▸ EXERCISE AIM: With the line containing "Arrowhead Woods (AWHW) - Residential" as the first line and the last line of the records as the final one, reproduce that range exactly.
INFORMATION PROVIDED below:
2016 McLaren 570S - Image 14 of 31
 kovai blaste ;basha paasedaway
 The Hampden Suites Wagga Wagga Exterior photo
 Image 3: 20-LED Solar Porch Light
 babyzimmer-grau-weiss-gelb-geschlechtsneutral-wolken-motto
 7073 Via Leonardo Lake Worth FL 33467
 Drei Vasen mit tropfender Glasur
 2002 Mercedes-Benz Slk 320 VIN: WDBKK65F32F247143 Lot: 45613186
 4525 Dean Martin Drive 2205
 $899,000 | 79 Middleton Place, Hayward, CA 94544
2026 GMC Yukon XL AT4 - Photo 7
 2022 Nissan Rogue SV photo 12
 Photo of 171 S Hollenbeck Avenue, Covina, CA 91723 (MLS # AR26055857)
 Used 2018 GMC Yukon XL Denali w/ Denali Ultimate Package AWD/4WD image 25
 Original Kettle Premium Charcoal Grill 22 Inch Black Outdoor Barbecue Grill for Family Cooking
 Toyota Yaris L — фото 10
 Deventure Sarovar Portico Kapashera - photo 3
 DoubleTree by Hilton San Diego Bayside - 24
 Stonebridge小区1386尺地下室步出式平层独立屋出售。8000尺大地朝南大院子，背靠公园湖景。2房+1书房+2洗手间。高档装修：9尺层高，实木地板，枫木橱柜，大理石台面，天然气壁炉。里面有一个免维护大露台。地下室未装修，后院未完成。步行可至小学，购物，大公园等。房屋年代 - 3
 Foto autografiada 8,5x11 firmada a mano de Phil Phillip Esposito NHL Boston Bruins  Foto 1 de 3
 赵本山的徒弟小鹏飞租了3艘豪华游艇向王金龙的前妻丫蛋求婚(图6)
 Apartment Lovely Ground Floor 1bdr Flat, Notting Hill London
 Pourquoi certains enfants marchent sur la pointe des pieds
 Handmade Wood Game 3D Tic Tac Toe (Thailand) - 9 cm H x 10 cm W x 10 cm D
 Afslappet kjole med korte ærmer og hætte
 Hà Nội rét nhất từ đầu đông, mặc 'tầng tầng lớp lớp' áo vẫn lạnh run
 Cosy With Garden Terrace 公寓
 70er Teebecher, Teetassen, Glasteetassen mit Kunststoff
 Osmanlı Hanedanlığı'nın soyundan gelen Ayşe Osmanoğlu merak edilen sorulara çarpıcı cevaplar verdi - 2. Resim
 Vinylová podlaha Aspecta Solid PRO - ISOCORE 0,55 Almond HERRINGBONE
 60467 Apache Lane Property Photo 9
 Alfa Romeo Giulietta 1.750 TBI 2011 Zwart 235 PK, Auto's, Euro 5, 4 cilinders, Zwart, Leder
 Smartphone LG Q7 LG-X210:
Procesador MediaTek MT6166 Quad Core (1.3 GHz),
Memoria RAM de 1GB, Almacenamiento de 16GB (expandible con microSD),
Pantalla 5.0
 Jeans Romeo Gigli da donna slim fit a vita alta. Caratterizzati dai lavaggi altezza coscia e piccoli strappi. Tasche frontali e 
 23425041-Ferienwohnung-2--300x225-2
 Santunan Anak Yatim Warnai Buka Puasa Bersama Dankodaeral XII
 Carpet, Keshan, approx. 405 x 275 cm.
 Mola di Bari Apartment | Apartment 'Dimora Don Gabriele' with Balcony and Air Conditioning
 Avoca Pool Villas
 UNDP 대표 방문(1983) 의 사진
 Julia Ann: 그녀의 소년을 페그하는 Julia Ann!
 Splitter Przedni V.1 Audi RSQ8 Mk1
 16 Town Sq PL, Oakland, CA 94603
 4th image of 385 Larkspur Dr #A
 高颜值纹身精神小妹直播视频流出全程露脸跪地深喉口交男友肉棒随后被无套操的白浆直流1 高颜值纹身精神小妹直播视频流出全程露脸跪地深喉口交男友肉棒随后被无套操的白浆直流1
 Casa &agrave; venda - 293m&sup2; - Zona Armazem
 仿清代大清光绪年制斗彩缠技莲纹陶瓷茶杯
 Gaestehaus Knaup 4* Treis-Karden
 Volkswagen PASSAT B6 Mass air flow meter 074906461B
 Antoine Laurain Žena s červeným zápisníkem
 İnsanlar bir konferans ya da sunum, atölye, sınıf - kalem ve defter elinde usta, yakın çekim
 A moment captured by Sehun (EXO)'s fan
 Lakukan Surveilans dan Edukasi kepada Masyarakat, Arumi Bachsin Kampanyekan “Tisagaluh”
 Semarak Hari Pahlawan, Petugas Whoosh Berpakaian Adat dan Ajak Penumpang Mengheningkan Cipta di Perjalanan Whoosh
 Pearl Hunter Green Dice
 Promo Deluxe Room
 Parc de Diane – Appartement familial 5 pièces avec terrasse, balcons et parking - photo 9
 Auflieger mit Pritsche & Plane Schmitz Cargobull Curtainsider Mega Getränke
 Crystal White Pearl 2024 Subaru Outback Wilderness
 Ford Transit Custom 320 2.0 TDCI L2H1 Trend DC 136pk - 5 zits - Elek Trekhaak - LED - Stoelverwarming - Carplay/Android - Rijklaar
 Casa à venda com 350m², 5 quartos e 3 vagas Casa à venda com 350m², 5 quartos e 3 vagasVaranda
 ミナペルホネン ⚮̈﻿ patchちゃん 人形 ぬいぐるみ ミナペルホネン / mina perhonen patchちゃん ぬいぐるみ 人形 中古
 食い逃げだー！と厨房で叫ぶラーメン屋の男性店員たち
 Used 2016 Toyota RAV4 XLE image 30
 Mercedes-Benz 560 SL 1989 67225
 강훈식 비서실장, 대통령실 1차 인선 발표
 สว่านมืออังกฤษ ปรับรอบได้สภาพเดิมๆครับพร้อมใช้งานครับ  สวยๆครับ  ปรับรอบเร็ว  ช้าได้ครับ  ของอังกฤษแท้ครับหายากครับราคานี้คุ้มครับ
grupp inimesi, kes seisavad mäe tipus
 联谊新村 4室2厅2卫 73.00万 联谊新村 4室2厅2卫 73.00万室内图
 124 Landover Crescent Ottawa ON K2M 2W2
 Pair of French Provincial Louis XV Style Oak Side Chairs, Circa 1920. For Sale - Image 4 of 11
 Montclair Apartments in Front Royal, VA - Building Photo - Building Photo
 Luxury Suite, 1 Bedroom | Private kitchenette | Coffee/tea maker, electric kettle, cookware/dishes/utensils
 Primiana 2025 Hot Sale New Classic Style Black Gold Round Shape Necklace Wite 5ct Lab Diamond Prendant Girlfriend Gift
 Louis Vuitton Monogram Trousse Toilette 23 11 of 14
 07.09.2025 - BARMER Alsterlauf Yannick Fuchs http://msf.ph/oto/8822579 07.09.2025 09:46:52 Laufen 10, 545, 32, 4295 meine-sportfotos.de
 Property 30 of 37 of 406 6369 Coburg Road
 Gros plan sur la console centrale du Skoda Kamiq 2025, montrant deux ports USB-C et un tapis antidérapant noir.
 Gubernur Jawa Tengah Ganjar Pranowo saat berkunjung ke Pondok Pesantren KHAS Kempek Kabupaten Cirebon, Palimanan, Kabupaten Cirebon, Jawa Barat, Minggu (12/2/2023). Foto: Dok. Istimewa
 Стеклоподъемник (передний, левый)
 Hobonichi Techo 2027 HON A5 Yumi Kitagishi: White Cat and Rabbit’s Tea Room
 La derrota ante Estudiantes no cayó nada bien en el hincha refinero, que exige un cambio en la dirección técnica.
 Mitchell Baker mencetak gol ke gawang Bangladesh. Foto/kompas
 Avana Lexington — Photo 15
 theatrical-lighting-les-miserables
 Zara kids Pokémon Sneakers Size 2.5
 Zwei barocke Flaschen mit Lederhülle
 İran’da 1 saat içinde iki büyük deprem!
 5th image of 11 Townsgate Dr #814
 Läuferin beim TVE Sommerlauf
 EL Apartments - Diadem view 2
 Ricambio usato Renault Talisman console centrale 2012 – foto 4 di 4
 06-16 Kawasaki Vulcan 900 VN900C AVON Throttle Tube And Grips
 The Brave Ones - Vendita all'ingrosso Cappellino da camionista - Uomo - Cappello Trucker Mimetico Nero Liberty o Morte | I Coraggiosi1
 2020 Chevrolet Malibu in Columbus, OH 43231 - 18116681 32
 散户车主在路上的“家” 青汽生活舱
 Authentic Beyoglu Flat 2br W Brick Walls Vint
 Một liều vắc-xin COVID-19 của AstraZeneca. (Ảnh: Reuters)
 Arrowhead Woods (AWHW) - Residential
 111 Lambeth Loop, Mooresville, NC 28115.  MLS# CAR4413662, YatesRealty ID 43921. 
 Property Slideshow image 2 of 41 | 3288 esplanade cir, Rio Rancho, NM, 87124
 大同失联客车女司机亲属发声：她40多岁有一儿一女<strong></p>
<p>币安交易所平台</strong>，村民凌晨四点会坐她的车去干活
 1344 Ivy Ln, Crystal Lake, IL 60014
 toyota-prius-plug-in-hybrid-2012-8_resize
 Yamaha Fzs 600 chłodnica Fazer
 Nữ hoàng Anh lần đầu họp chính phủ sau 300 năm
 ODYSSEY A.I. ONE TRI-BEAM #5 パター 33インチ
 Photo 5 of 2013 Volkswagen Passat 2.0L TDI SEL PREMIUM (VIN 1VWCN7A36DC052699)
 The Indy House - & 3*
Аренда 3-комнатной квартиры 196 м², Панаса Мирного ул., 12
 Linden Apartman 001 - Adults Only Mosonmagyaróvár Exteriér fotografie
End of INFORMATION PROVIDED.
▸ OUTPUT FOR THIS EXERCISE:
 Arrowhead Woods (AWHW) - Residential
 111 Lambeth Loop, Mooresville, NC 28115.  MLS# CAR4413662, YatesRealty ID 43921. 
 Property Slideshow image 2 of 41 | 3288 esplanade cir, Rio Rancho, NM, 87124
 大同失联客车女司机亲属发声：她40多岁有一儿一女<strong></p>
<p>币安交易所平台</strong>，村民凌晨四点会坐她的车去干活
 1344 Ivy Ln, Crystal Lake, IL 60014
 toyota-prius-plug-in-hybrid-2012-8_resize
 Yamaha Fzs 600 chłodnica Fazer
 Nữ hoàng Anh lần đầu họp chính phủ sau 300 năm
 ODYSSEY A.I. ONE TRI-BEAM #5 パター 33インチ
 Photo 5 of 2013 Volkswagen Passat 2.0L TDI SEL PREMIUM (VIN 1VWCN7A36DC052699)
 The Indy House - & 3*
Аренда 3-комнатной квартиры 196 м², Панаса Мирного ул., 12
 Linden Apartman 001 - Adults Only Mosonmagyaróvár Exteriér fotografie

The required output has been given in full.